Please see the Telemedicine article for the rules and guidelines for use during the COVID-19 public health emergency.
Medicare covers some services performed via real-time audio and video between a patient in an underserved area and a physician or other practitioner who is not in the same place as the patient. Requirements for Medicare telehealth services (not performed during the public health emergency)include:
- Patient must be in either a rural Health Professional Shortage Area (HPSA) located in a rural census tract or in a county outside a Metropolitan Statistical Area (MSA).
- The patient is in the “originating site” and the facility bills Q3041. There is small payment to the facility for that service.
- The practitioner is somewhere else, provides the service remotely, and bills for the service. This is considered the “distant site.”
- The distant site bills with place of service 02. The originating site is billed by the facility on a UB, and that form does not include a space for POS.
- CPT developed modifier 95 for use with telehealth (-95 Synchronous telemedicine service rendered via a real-time interactive audio and video telecommunications system)
- As of October 1, 2018, the GT modifier is only allowed on institutional claims billed by a Critical Access Hospital (CAH) Method II.
What services can be provided? Although CPT® now has a symbol (star) to indicate services that can be done via telemedicine, for Medicare, use the CMS list.
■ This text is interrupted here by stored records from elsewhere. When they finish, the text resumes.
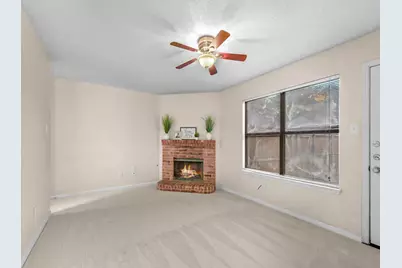 1722 Circle Creek Drive, Lewisville, TX 75067 - Photo 11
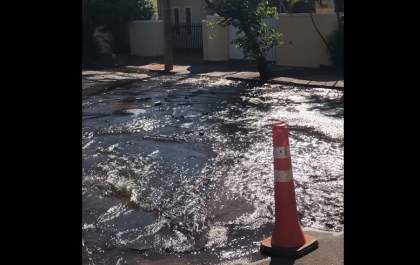 Rompimento de adutora deixa mais de 20 bairros sem água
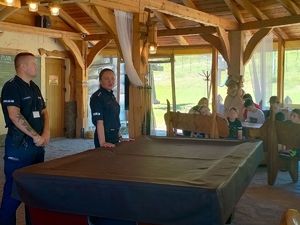 Para policjantów podczas spotkania profilaktycznego z dziećmi.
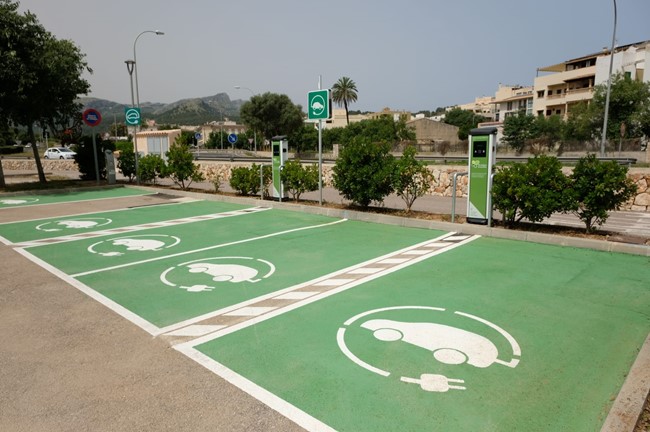 La CNMC pide completar las sanciones en las normas que regulan los puntos de recarga del coche eléctrico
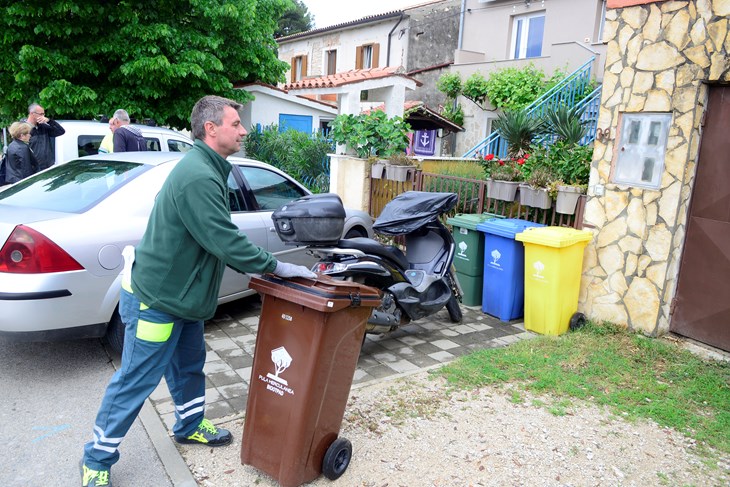 Smeđi kontejneri podijeljeni su tijekom svibnja (snimio Dejan ŠTIFANIĆ)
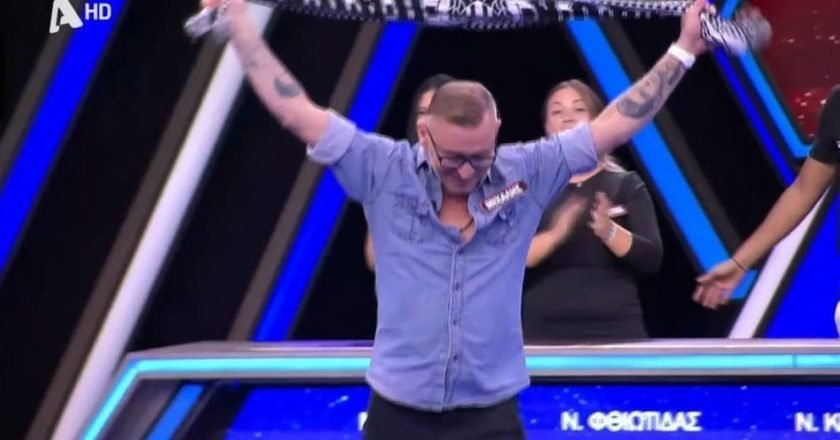 Παίκτης-οπαδός του ΠΑΟΚ, στο DEAL μετέτρεψε το στούντιο σε… Θύρα 4!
EXAMPLE: Patient in rural Vermont Emergency Department needs a neuropsychiatric consult. The ED doctor assesses the patient, and bills for her own ED visit. She arranges a consultation with a neuropsychiatrist in Boston. The Vermont hospital bills Q3041 for providing the space and equipment for the telemedicine service. The neuropsychiatrist bills with a HCPCS code G0425, telehealth consultation, emergency department or initial inpatient, typically 30 minutes communicating with the patient via telehealth. That physician uses POS 02, and modifier 95.
Starting January 1, 2019, CMS removed the restriction on the originating site for treatment of strokes. The patient does not need to be in an underserved area in order to receive treatment for a stroke from a distant site physician. CMS developed a specific modifier for this. “Change request (CR) 10883 establishes use of a new Healthcare Common Procedure Coding System (HCPCS) modifier, G0 (G Zero), to be appended on claims for telehealth services that are furnished on or after January 1, 2019, for purposes of diagnosis, evaluation, or treatment of symptoms of an acute stroke.”